Sorting Algorithms
Sorting algorithms is an algorithm that puts the elements of a list in a certain order. It has two basic rules that the result must be in non-decreasing order and it is a reordering or permutation of the original input. There are many popular sorting algorithms and we can roughly make four categories for it, which are simple sort, efficient sort, bubble sort and distribution sort.
Selection Sort
Selection sort is simple but inefficient sorting algorithm. The algorithm make an addition empty list for the process. It looks for the largest or smallest item in the original list, then put it into the new empty list and find the next largest or smallest item in the remaining items in the original list. The new list is sorted, so when the algorithm is done, it returns the new list which has sorted data in it.
Efficiency: For selection sort it always performs О(n2).
Example code (from lecture notes):
def select(L):
"""Produce copy of L in sorted order
>>> select([3, 1, 2])
[1, 2, 3]
"""
L1 = L[:]
for i in range(len(L1)):
m = min(L1[i:])
j = L1.index(m,i)
L1[i], L1[j] = L1[j], L1[i]
return L1
Quick Sort
Quick sort use the divide-and-conquer strategy as well as the merge sort. Its advantage is it does not use additional storage but the disadvantage is it has bad performance against the list that can't be divided into halves. It chooses an element from the list which is called the pivot value. It compares the value next to the pivot value until the pivot value has been placed to the correct position. Then it becomes a split point, and split the list into two parts, which are the left half and the right half. All the values in the left half are smaller than the pivot value and all the values in the right half are larger than the pivot value. After that, it continues divide the two halves by the recursively algorithm until the final result comes out.
Efficiency: O(n log n) for the worst case and О(n2) for the best case.
Example code (from lecture notes)
def quick(L):
if len(L) > 1 :
return (quick([x for x in L[1:] if x < L[0]])
+ [L[0]] + quick([x for x in L[1:] if x >= L[0]]))
else :
return L
Merge Sort
Merge sort is an algorithm that improved by using divide-and-conquer strategy. It is a recursive algorithms and keep splitting the list into two halves. If the list is empty or has one item, it is sorted by the base case defined. If not, which the list has more than one item, it splits the list and recursively sort the both halves. In the end it combines the halves into a single and sorted list and that's why it is called the 'merge sort'. It is pretty efficient against very large lists.

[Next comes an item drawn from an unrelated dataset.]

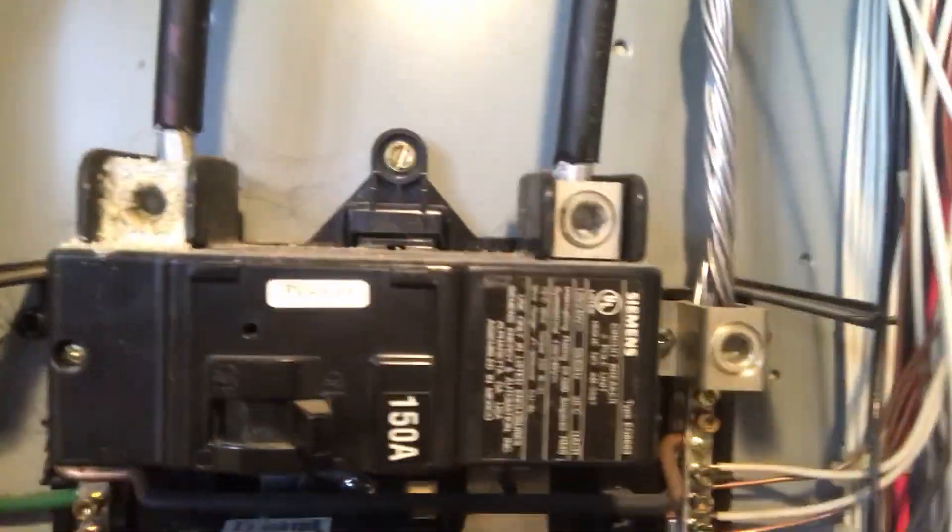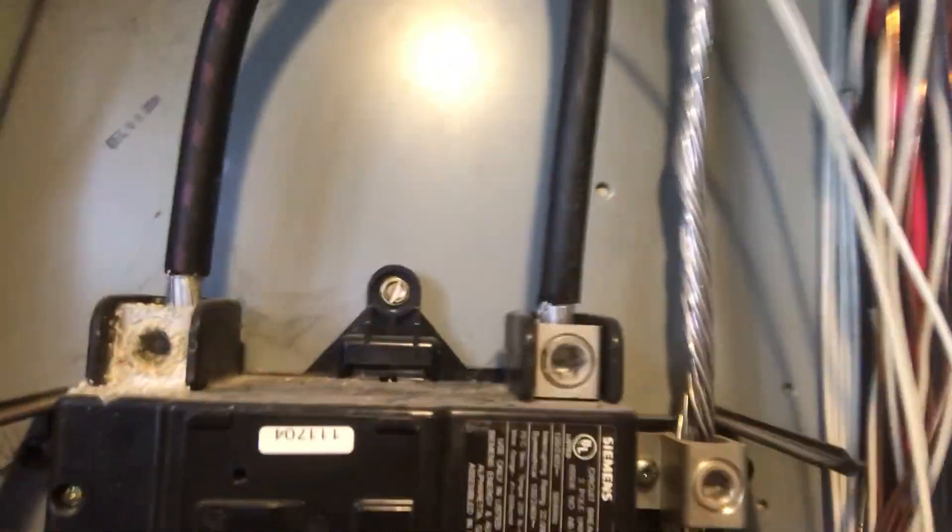There's no no-ox on either one of these lugs. Look at the oxidation on that one. There's water, obviously in the panel, and the rust that's forming.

Efficiency: O(n log n) in any case.
Example code (from lecture notes)
def merge(L1, L2):
"""return merge of L1 and L2
>>> merge([1, 3, 5], [2, 4, 6])
[1, 2, 3, 4, 5, 6]
>>> merge([1, 2, 3], [0, 4, 5])
[0, 1, 2, 3, 4, 5]
>>> merge([0], [1, 2, 3, 4])
[0, 1, 2, 3, 4]
"""
L = []
L1.reverse()
L2.reverse()
while L1 and L2:
if L1[-1] < L2[-1]:
L.append(L1.pop(-1))
else:
L.append(L2.pop(-1))
L1.reverse()
L2.reverse()
return L + L1 + L2
def merge_sort(L):
"""Produce copy of L in non-decreasing order
>>> merge_sort([1, 5, 3, 4, 2])
[1, 2, 3, 4, 5]
"""
if len(L) < 2 :
return L[:]
else :
return merge(merge_sort(L[:len(L)//2]), merge_sort(L[len(L)//2:]))